▶ Excerpted data
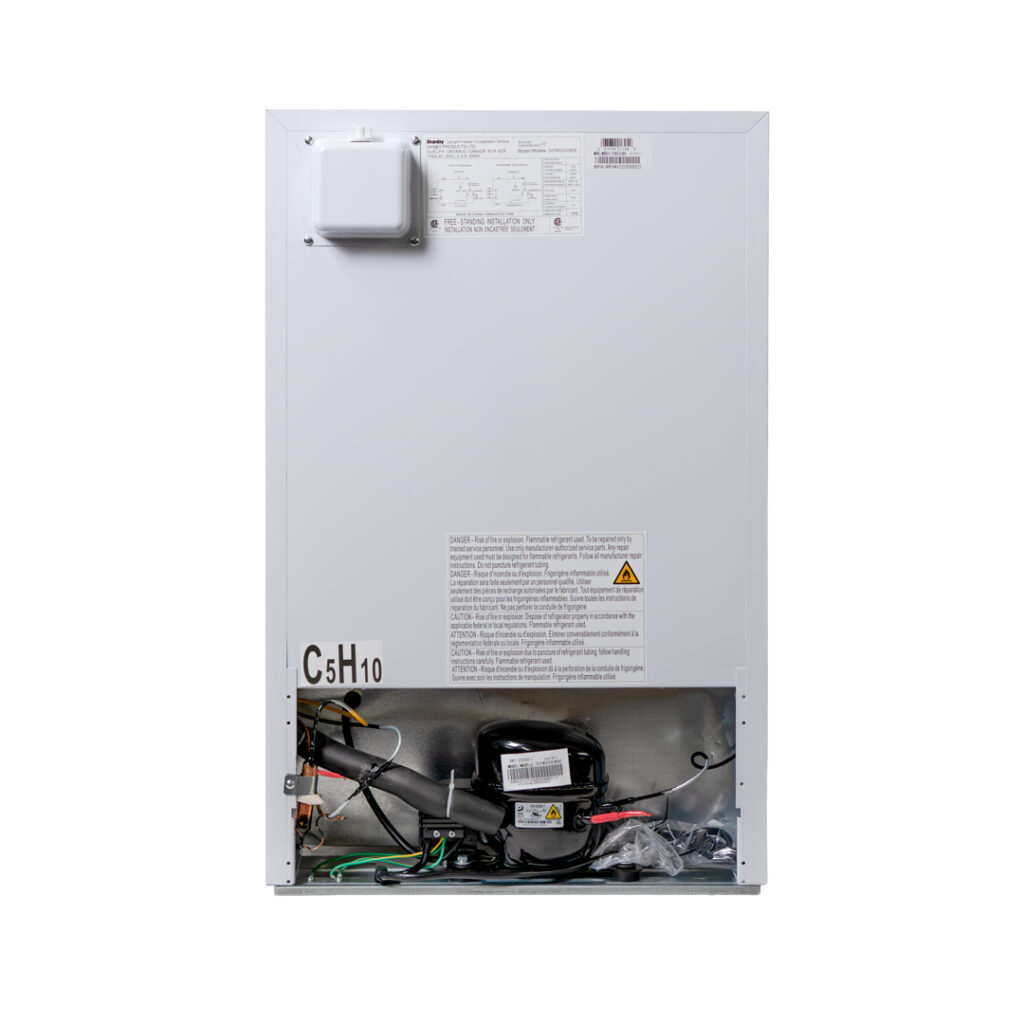 Danby 3.2 cu. ft. Upright Freezer in White - DUFM032A3WDB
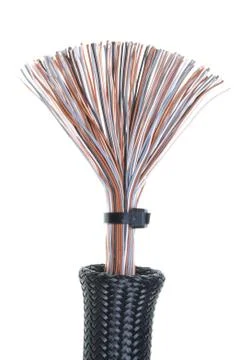 Protective pipe with cables Stock Photos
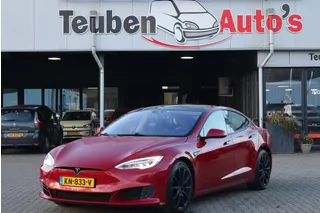 Tesla Model S 75 Base 85,3% SOH, Lederen interieur, Camera, Navigatie, Panoramadak, Schuif- kanteldak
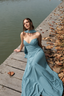 Vestido Elizabeth Verde Cemento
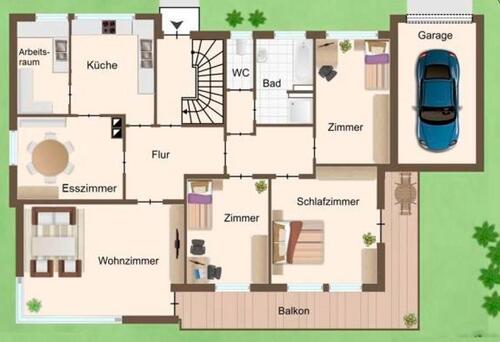 Foto - Großzügige 5‑Zimmer‑EG‑Wohnung in ruhiger Lage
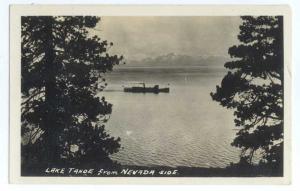 RP Boat on Lake Tahoe from Nevada Side NV 1933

▶ Assigned task
When the listing is transcribed, every line must match the original exactly, and the pictures must be left out.

▶ Finished exercise
 Danby 3.2 cu. ft. Upright Freezer in White - DUFM032A3WDB
 Protective pipe with cables Stock Photos
 Tesla Model S 75 Base 85,3% SOH, Lederen interieur, Camera, Navigatie, Panoramadak, Schuif- kanteldak
 Vestido Elizabeth Verde Cemento
 Foto - Großzügige 5‑Zimmer‑EG‑Wohnung in ruhiger Lage
 RP Boat on Lake Tahoe from Nevada Side NV 1933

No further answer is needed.